■ Entries provided:
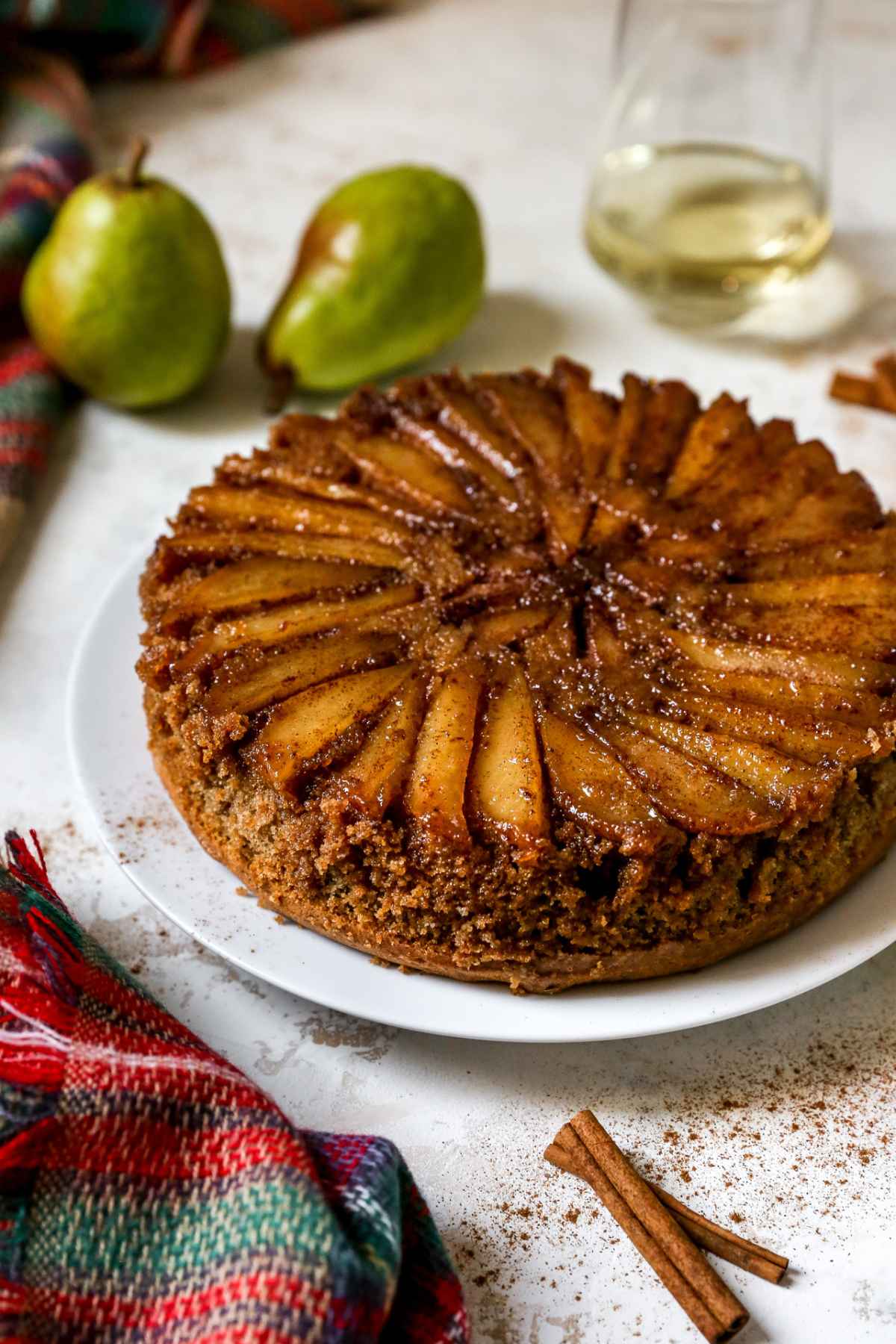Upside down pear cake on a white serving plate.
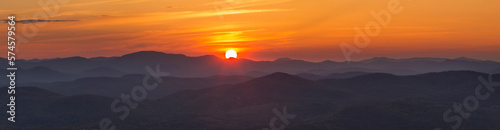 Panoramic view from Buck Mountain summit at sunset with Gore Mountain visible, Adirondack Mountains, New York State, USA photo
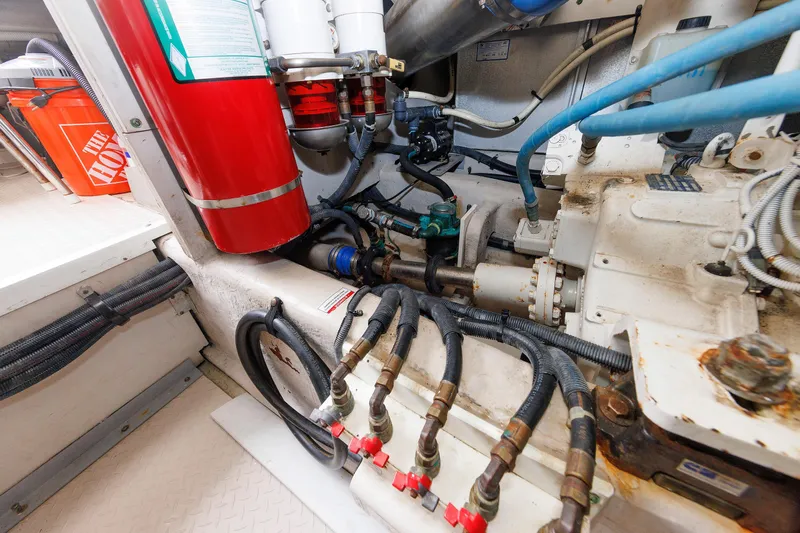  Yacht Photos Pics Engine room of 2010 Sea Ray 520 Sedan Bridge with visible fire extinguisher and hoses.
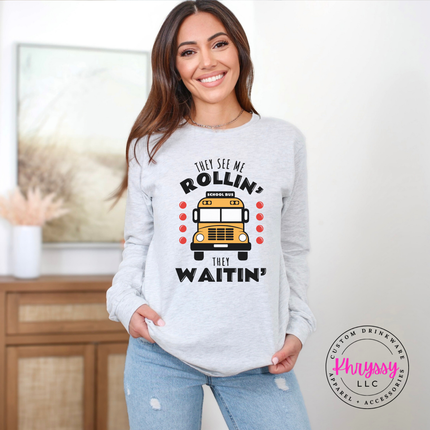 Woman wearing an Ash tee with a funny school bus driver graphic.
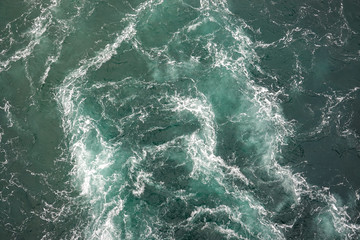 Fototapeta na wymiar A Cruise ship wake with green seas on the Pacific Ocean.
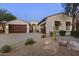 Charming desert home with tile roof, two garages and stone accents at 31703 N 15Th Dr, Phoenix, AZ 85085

■ Aim of the exercise: Repeat each entry exactly as it appears; skip any picture.

■ Solution for this task:
Upside down pear cake on a white serving plate.
 Panoramic view from Buck Mountain summit at sunset with Gore Mountain visible, Adirondack Mountains, New York State, USA photo
  Yacht Photos Pics Engine room of 2010 Sea Ray 520 Sedan Bridge with visible fire extinguisher and hoses.
 Woman wearing an Ash tee with a funny school bus driver graphic.
 Fototapeta na wymiar A Cruise ship wake with green seas on the Pacific Ocean.
 Charming desert home with tile roof, two garages and stone accents at 31703 N 15Th Dr, Phoenix, AZ 85085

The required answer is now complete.